-- Data supplied follows --

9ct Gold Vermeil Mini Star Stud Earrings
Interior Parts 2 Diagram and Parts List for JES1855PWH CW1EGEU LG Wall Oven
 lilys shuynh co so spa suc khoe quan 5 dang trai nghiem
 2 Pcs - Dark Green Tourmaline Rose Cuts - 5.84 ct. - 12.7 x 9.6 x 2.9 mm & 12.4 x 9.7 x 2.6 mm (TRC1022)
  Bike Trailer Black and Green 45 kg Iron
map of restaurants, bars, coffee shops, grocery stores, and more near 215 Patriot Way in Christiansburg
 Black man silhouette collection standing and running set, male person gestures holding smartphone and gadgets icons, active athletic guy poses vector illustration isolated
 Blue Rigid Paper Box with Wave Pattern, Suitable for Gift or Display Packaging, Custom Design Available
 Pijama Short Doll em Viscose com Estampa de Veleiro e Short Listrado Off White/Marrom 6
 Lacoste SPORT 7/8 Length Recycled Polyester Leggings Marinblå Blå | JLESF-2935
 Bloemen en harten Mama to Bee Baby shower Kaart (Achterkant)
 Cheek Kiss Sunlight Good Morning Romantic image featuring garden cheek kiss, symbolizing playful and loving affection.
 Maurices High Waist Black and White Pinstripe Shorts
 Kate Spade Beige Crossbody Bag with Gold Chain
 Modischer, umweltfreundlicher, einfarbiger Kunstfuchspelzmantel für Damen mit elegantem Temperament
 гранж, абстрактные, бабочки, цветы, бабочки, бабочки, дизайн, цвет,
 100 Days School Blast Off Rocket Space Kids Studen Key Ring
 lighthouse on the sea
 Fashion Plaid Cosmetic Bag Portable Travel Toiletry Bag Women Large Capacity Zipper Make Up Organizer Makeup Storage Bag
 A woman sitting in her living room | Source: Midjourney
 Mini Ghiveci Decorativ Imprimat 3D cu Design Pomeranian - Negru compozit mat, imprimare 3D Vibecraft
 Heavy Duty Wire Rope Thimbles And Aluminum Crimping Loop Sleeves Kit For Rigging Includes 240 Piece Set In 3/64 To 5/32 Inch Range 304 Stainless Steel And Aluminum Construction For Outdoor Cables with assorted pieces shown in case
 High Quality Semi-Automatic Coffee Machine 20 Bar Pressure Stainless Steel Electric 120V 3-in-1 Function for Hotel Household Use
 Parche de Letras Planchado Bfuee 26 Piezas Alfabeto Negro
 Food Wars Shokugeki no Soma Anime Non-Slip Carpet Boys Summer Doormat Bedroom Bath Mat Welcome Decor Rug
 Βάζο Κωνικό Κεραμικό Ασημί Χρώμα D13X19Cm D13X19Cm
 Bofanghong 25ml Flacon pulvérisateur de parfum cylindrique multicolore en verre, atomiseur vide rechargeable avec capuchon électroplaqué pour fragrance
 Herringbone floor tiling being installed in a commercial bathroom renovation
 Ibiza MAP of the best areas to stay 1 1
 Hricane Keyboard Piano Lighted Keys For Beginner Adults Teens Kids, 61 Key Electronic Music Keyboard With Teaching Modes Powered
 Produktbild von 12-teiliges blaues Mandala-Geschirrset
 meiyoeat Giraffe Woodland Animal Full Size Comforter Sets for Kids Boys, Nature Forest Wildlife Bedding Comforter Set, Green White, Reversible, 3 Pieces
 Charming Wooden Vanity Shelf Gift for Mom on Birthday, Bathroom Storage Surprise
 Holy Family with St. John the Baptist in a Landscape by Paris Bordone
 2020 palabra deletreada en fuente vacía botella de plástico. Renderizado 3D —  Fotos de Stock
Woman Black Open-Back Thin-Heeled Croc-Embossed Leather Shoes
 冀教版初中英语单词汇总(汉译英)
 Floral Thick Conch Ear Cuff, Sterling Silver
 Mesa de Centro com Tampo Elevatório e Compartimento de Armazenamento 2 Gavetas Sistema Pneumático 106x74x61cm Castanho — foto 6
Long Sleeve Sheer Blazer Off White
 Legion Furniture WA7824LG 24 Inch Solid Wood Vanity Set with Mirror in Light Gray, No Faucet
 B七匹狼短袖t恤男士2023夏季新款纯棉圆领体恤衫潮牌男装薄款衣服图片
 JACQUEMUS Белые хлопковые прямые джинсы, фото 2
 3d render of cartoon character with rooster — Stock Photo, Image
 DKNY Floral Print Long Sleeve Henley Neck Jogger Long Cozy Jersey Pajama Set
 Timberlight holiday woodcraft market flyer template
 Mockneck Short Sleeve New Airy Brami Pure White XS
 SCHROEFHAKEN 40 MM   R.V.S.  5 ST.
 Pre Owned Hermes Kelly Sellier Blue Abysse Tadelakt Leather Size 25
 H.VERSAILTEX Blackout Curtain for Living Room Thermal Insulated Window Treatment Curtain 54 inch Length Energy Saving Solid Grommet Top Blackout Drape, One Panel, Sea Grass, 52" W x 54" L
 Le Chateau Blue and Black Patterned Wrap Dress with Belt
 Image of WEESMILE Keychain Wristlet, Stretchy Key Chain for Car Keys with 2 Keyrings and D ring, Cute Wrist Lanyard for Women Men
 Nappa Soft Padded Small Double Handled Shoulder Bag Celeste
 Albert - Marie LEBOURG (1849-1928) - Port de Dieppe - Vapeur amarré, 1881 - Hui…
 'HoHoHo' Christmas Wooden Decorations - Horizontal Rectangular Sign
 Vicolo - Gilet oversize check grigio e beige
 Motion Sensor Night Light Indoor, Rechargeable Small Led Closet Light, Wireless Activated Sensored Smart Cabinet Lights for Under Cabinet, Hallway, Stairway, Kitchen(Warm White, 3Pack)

-- Data supplied concluded --

__Task to carry out__. Find how many lines of the preceding data contain "Floral", and answer with that number only.

__Task answer__. 2